--- Dataset content ---

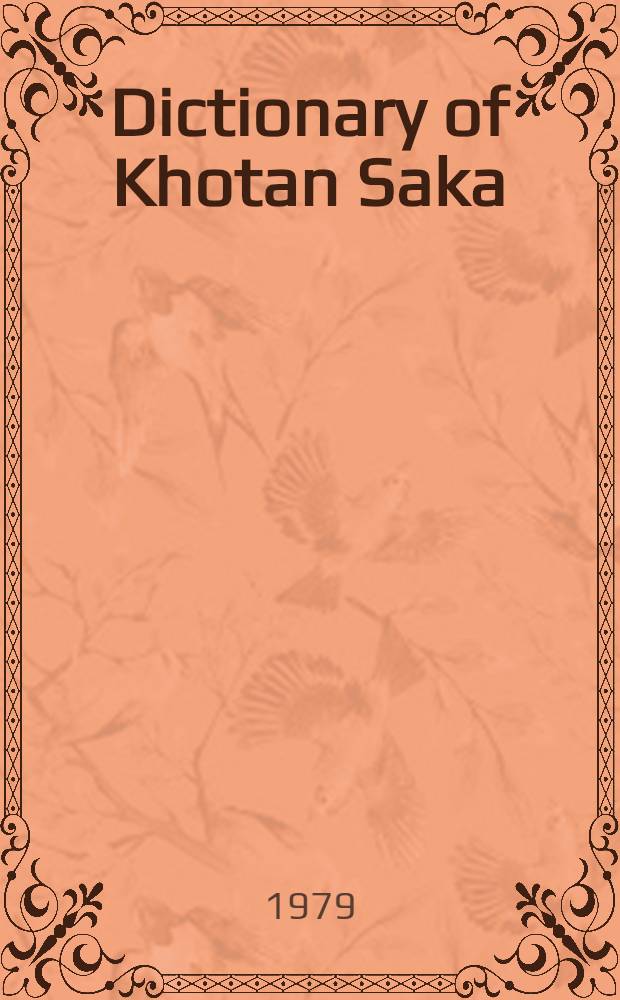 Dictionary of Khotan Saka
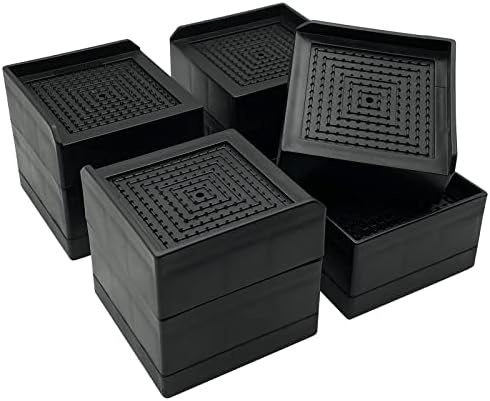 JONHWI Bed Risers, 3 Inch Heavy Duty Square Adjustable Furniture Risers, Suitable for Beds Desks Sofa Tables and Chairs Lift, Supports up to 1300 Lbs (Black, 4 Pack Set)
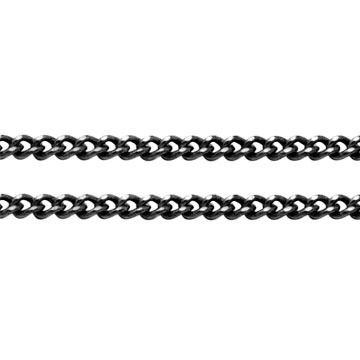 Cable chain, twisted, black/dark brass, link length 1.5mm, link width 1.2mm, 1m.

---

▶ [Instructions to follow] Every line of the listing above is to be retyped exactly, but the pictures are to be dropped.

▶ [Result of this exercise]
 Dictionary of Khotan Saka
 JONHWI Bed Risers, 3 Inch Heavy Duty Square Adjustable Furniture Risers, Suitable for Beds Desks Sofa Tables and Chairs Lift, Supports up to 1300 Lbs (Black, 4 Pack Set)
 Cable chain, twisted, black/dark brass, link length 1.5mm, link width 1.2mm, 1m.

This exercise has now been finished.